TACTICAL ANALYSIS ON HOW TO TAKE ADVANTAGE OF POSITIONAL OFFSIDE WHEN ATTACKING
In our latest soccer video analysis, we’ve observed a trend where the strikers place themselves in offside positions to avoid being marked by the rival defense. The common practice is to stand behind the defenders to block their visibility.
Players like Luis Suárez, Messi or Timo Werner are great examples of these game situations.
Being in an offside position prevents the striker from participating directly on a play, however, there are two possible situations that can work in favor of the team:
1. On the one hand, if the defense is very advanced, the team can place a player at the attack point in an offside position. This player will look to find a space to play with a teammate who enters through the back of the defense. This way, the player who was in an offside position, is enabled, and will look for a back pass that leaves him free, which will allow him to get to the ball before the rival defense does.
2. On the other hand, the attacker may be on an offside position without an option to intervene but, when he detects the arrival of a teammate with the ball, he will leave the offside position and unmark himself. The defenders have not identified the position of the attacker, and the entry of another teammate with the ball causes them to be attracted to him, which will make the defenders lose track of where the other attacker is positioned. These actions have to be very well coordinated between the passer and the player who comes out of the offside, providing the speed and necessary time to avoid falling into an offside and surprise the opposing defense. To do this, it is essential to perform a good unmarking action, with the
These actions are very difficult to defend for the opponents because, on the one hand, they seek to leave that player in an offside position and without options to participate, but, at the same time, they must be very attentive and identify when the attacker gets back in the game and performs the unmarking at the defenses’ back. There are many situations in which the farthest located player, usually the lateral defender, is the player who takes longer to coordinate with the rest of the defensive line and breaks the offside by enabling the attacker.

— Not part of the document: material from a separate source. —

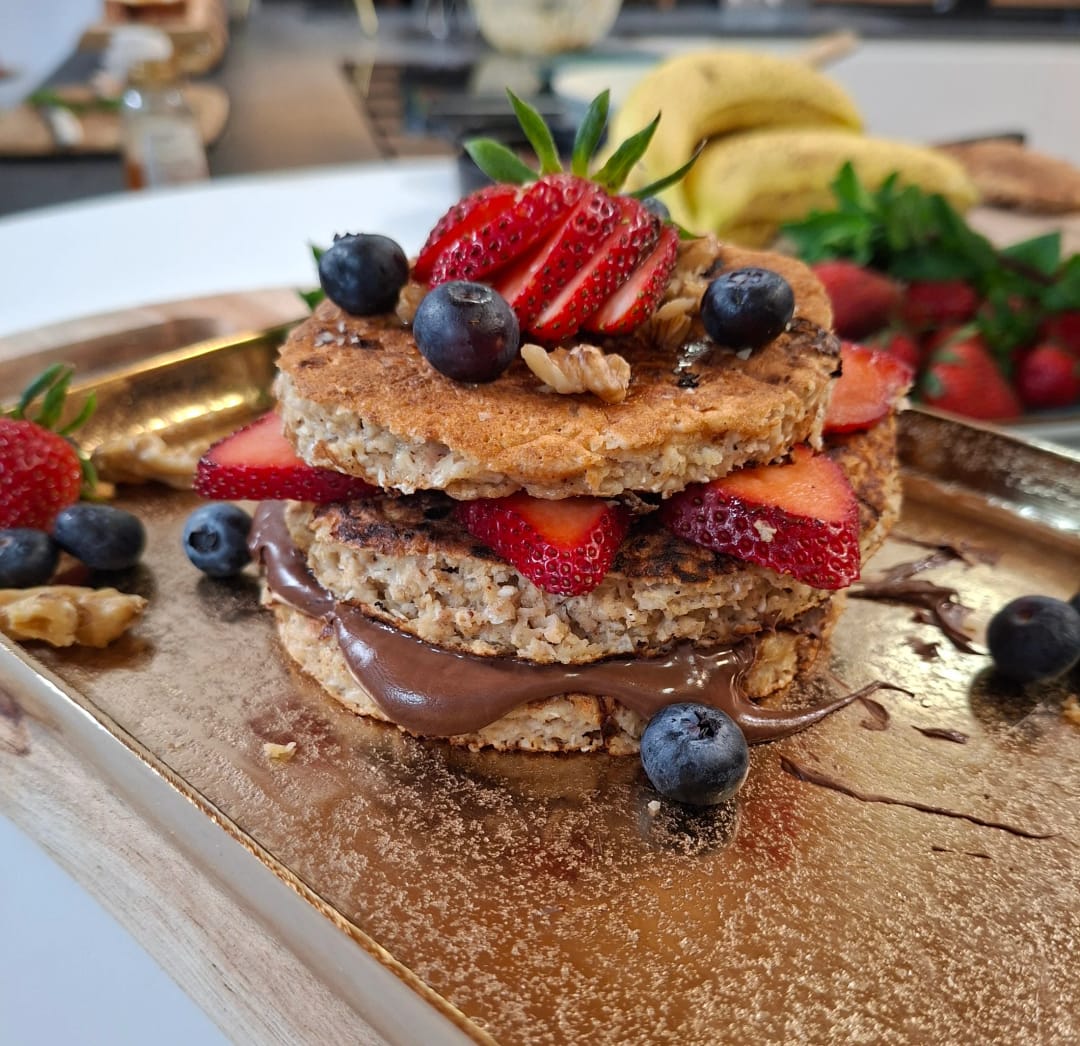 Oat Pancakes - recipe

Here are some considerations that the defending team should take into account:
· Do not leave spaces between lines. The central defender and lateral defending line must avoid falling too low to avoid being dragged by the offside players and leave spaces between lines.
· The midfield line must apply a strong pressure on the player who has the ball and who seeks to connect with the strikers. The central line must avoid leaving spaces at their back.
· When the attacking team makes a backward pass, the defensive line must move forward, clearly leaving the attacker without the option of receiving the ball.
· When a player from an attacking team enters with the ball, the defensive line must retreat by means of a lateral run and prepare to run to the space behind them, this should be timed well to get help from the midfielders.